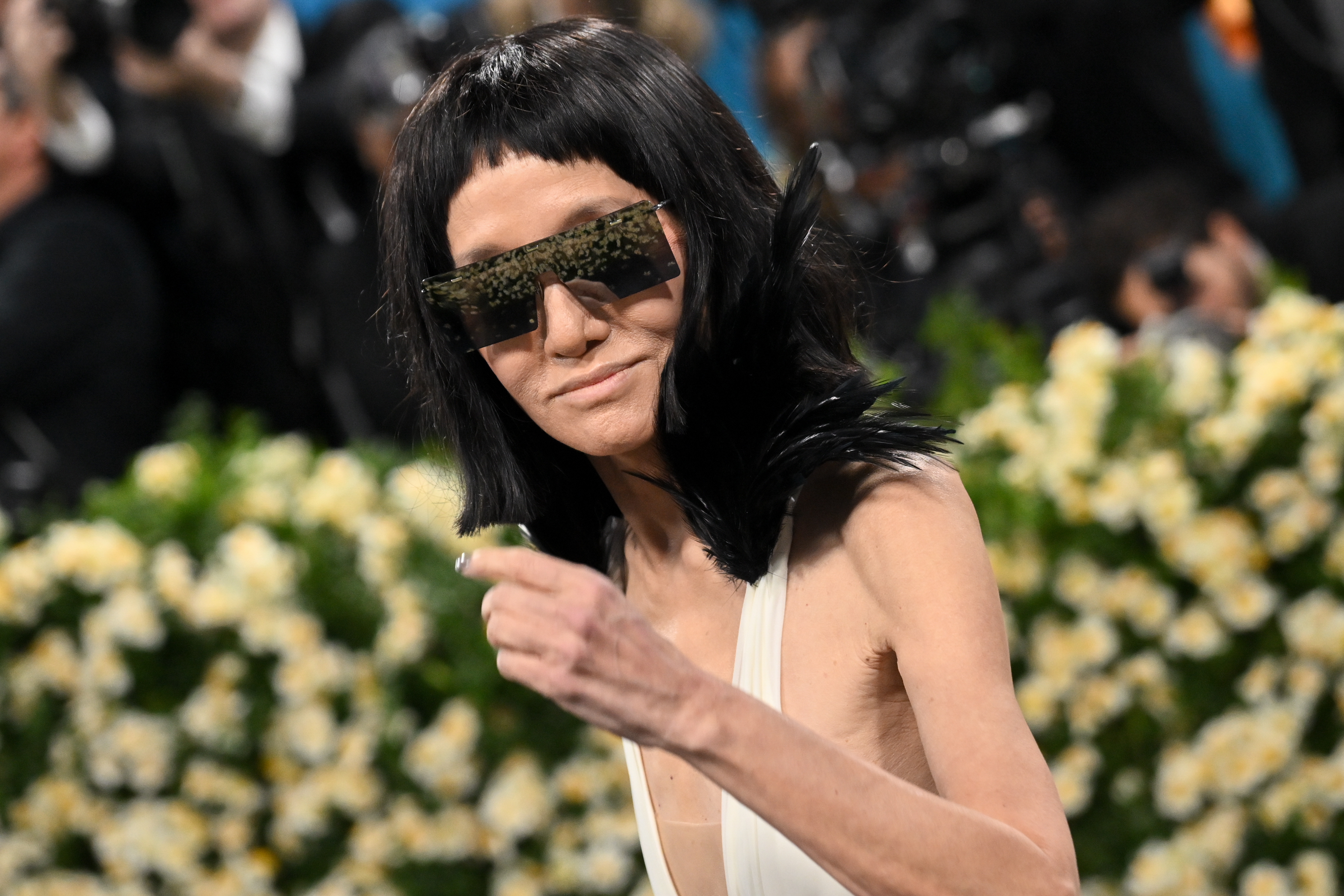 In einem freimütigen Moment gestikuliert Vera Wang in die Menge, während ihre verspiegelte Sonnenbrille und ihr gefiedertes Dekolleté die Energie des Abends widerspiegeln.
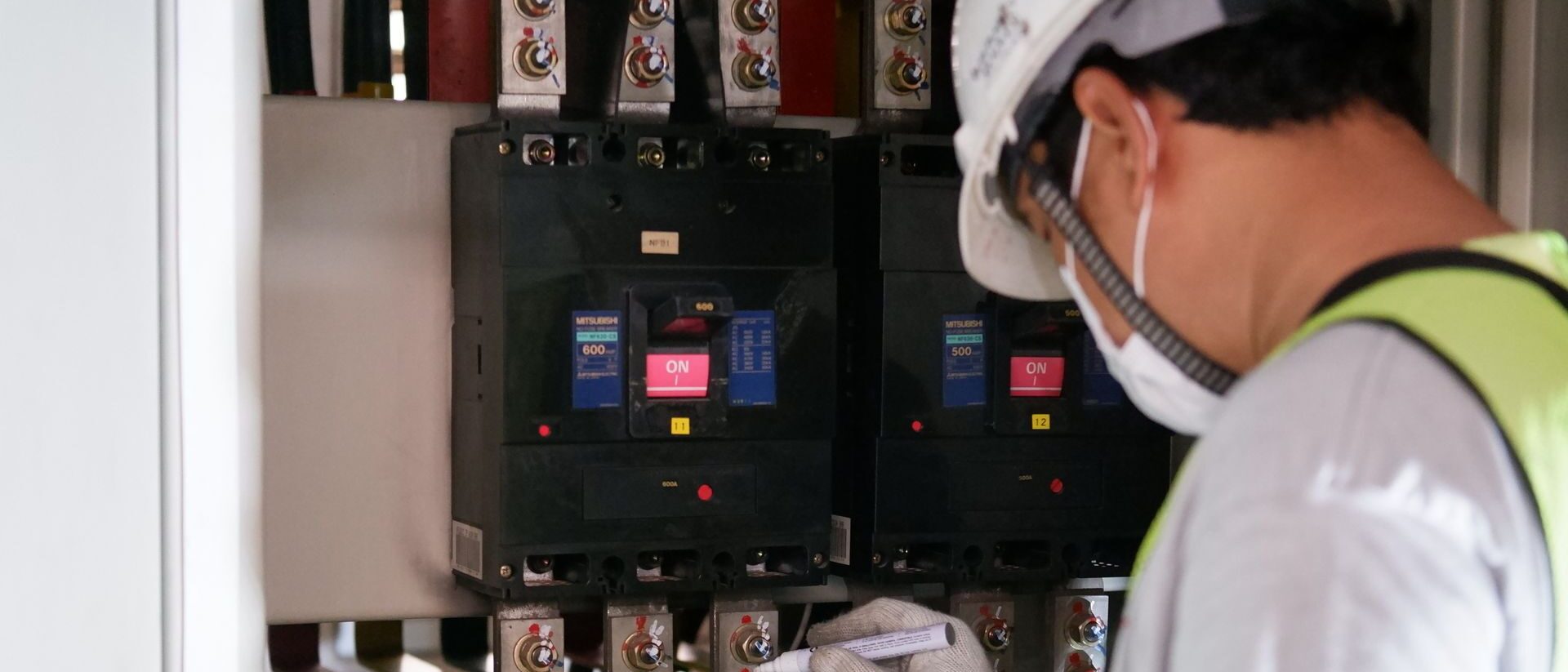 Técnico con equipo de protección revisando un tablero eléctrico industrial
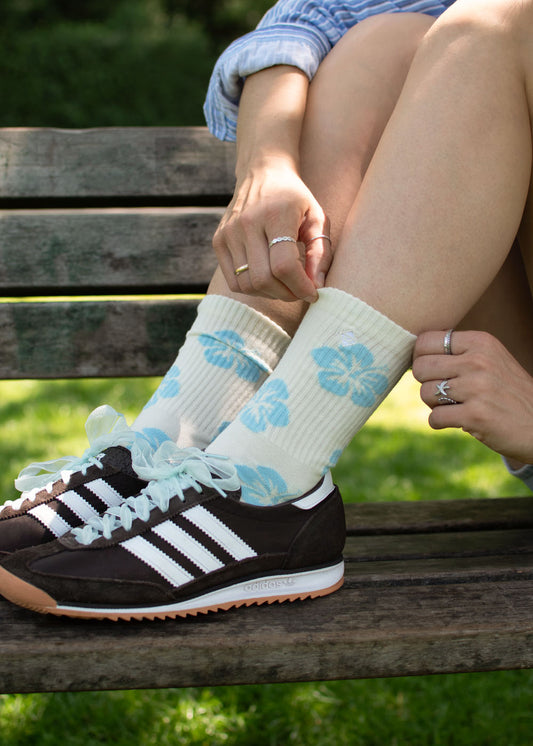 Person trägt J.Clay Hibiscus Flower Socken und schwarze Adidas Turnschuhe auf einer Holzbank im Freien.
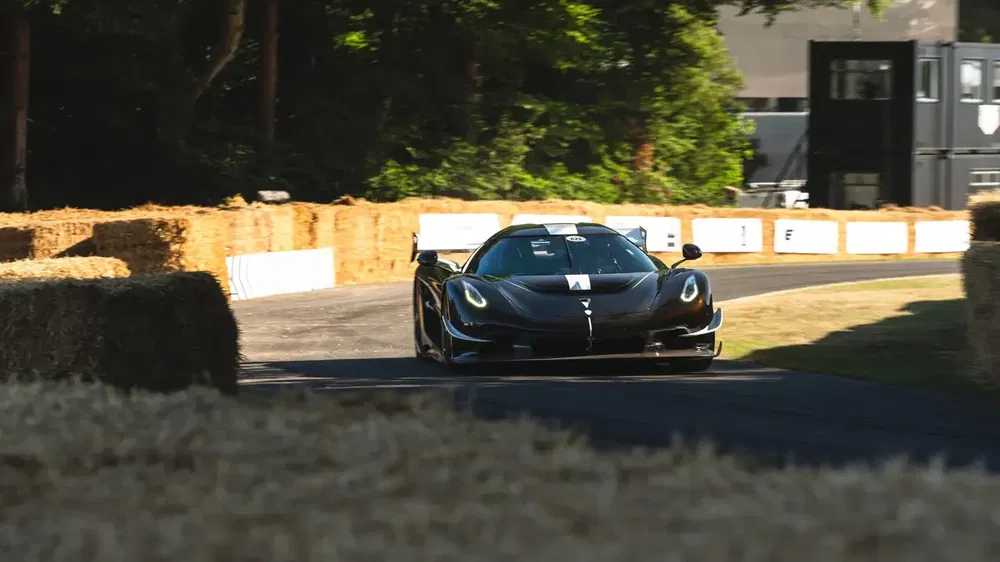 De zwarte Koenigsegg Jesko rijdt snel op een circuit omringd door strobalen.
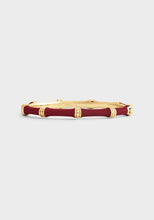 Side view of Anabel Aram Bamboo Hinged Bangle – enamel and gold finish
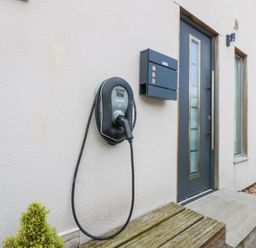 A front entrance with an electric vehicle charger and mailbox at Shearwater Rhosneigr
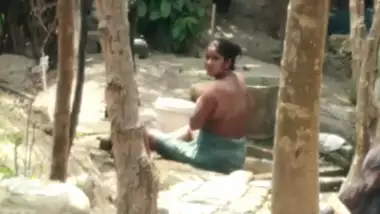 Indian busty aunty taking bath outdoor full nude, caught hidden cam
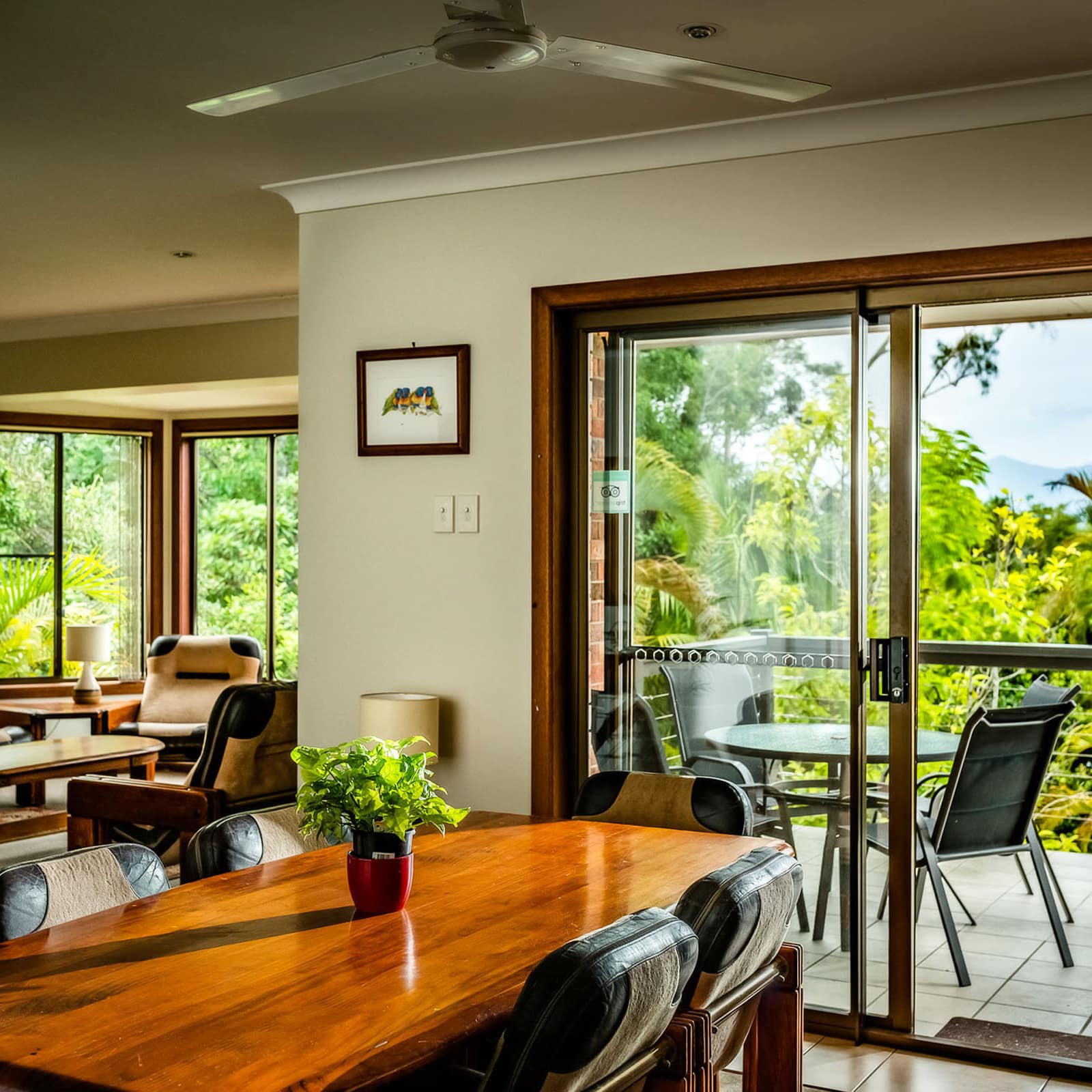 Open dining and living room with attached balcony, tan and black furnishings, and panoramic views of rainforest.
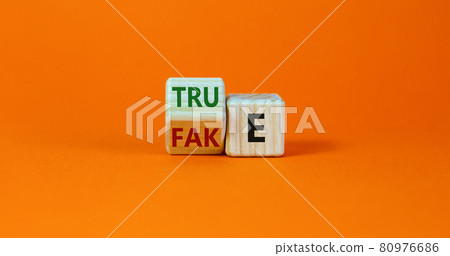Fake or true symbol. Turned a wooden cube and changed the word 'fake' to 'true' or vice versa. Beautiful orange table, orange background, copy space. Business and fake or true concept. 80976686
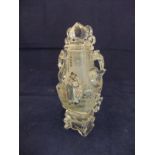 A Chinese clear cut rock crystal dressing table bottle of slab cut baluster form with ring handles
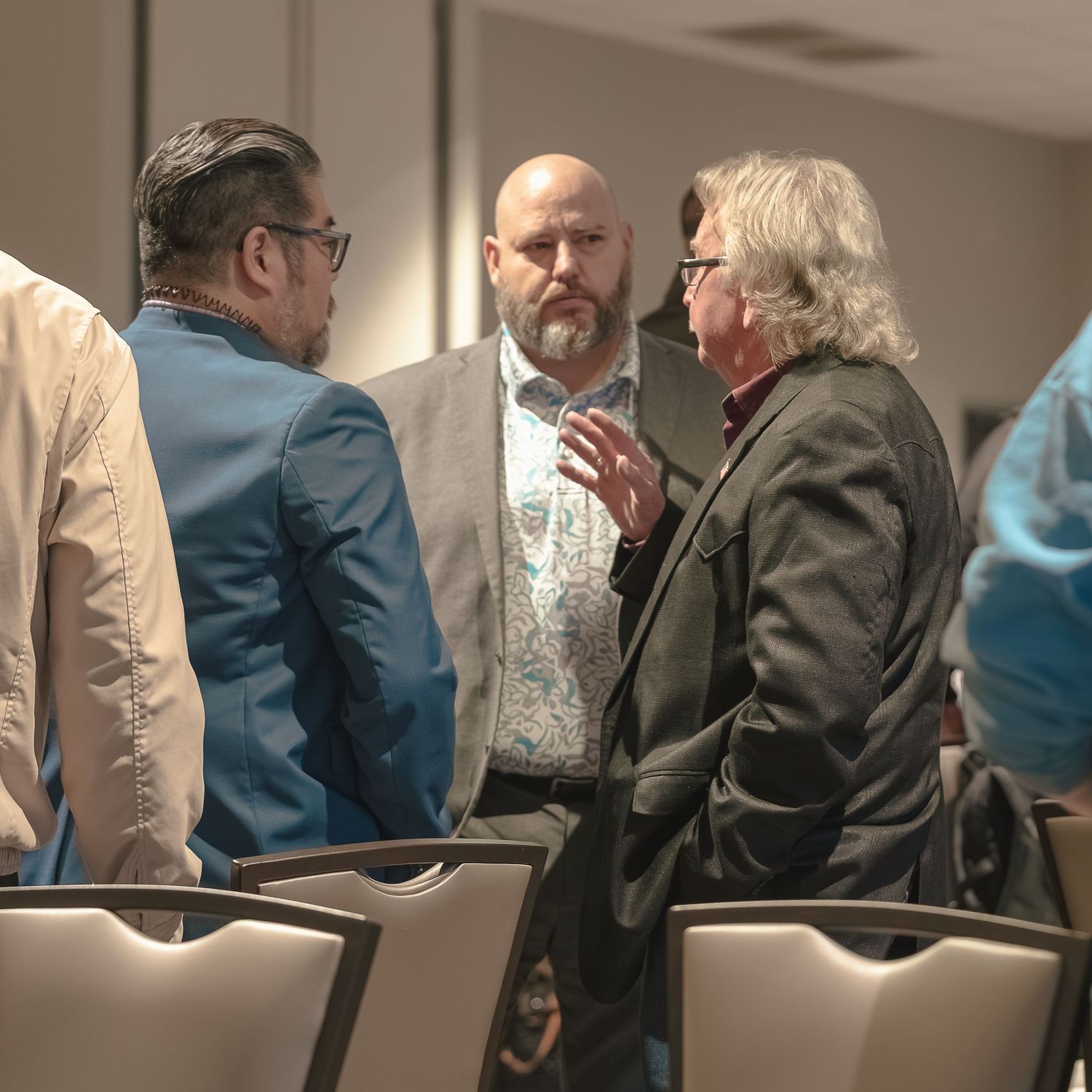 Three people engaged in animated discussion during a professional conference or meeting.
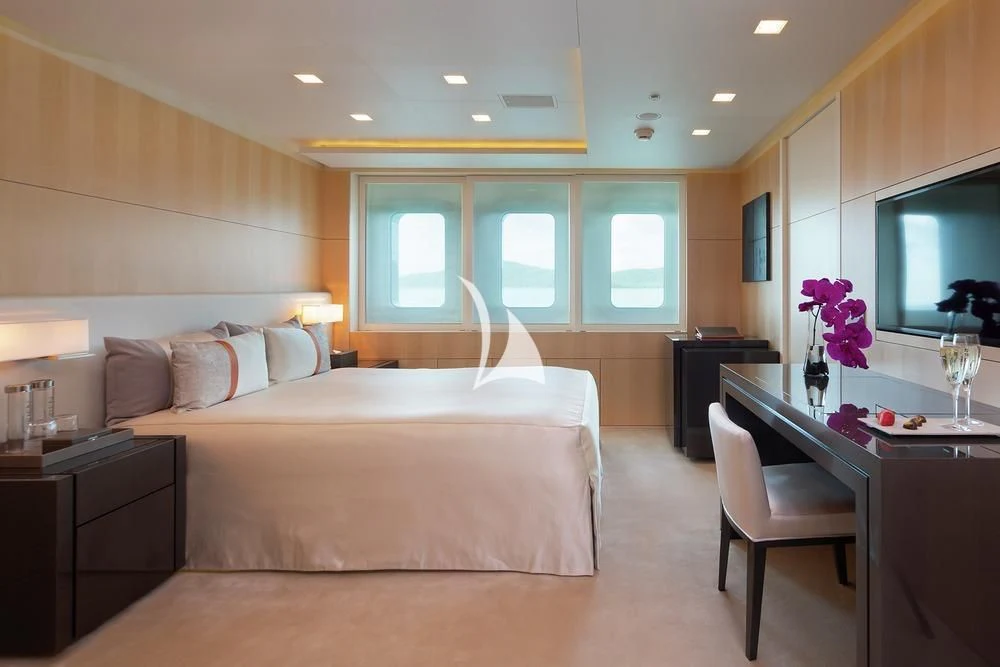 a bedroom with a bed and a desk aboard SIREN Yacht for Sale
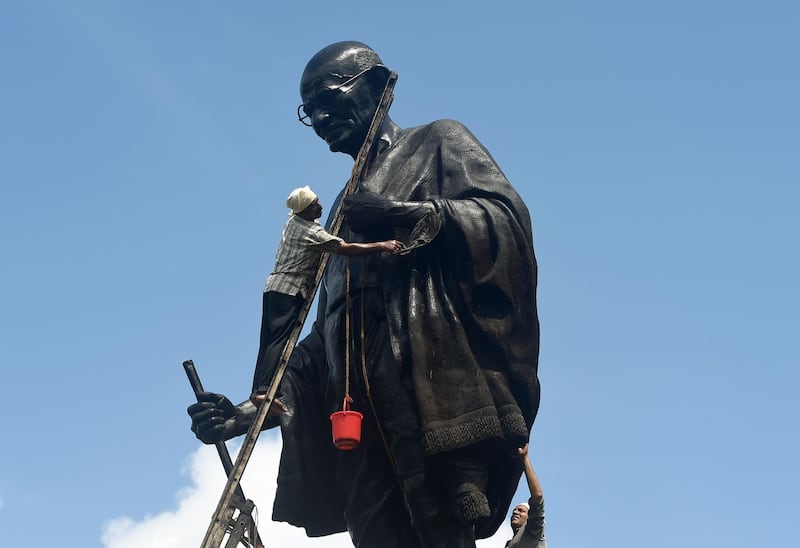 TOPSHOT - In this photo taken on October 1, 2019, a man cleans a statue of Indian independence icon Mahatma Gandhi on the eve of his 150th birth anniversary in Mumbai. Toilets took centre-stage October 2 as India celebrated the 150th anniversary of independence hero and sanitation champion Mahatma Gandhi's birth.
 / AFP / Punit PARANJPE
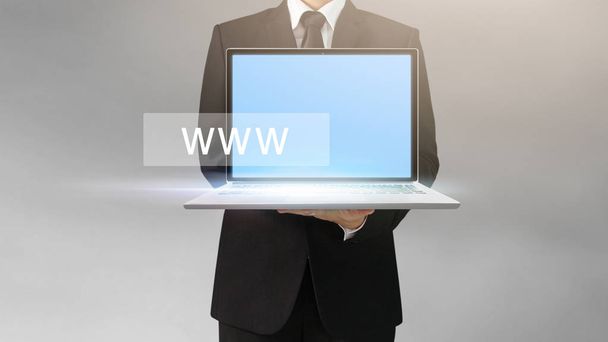 Handsome business man and suit holding laptop in hands  - Photo, Image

• EXERCISE: Where a line contains "TOPSHOT - In", begin there and set down exactly each line through the end of the data above, omitting any pictures.

• ANSWER BELOW:
 TOPSHOT - In this photo taken on October 1, 2019, a man cleans a statue of Indian independence icon Mahatma Gandhi on the eve of his 150th birth anniversary in Mumbai. Toilets took centre-stage October 2 as India celebrated the 150th anniversary of independence hero and sanitation champion Mahatma Gandhi's birth.
 / AFP / Punit PARANJPE
 Handsome business man and suit holding laptop in hands  - Photo, Image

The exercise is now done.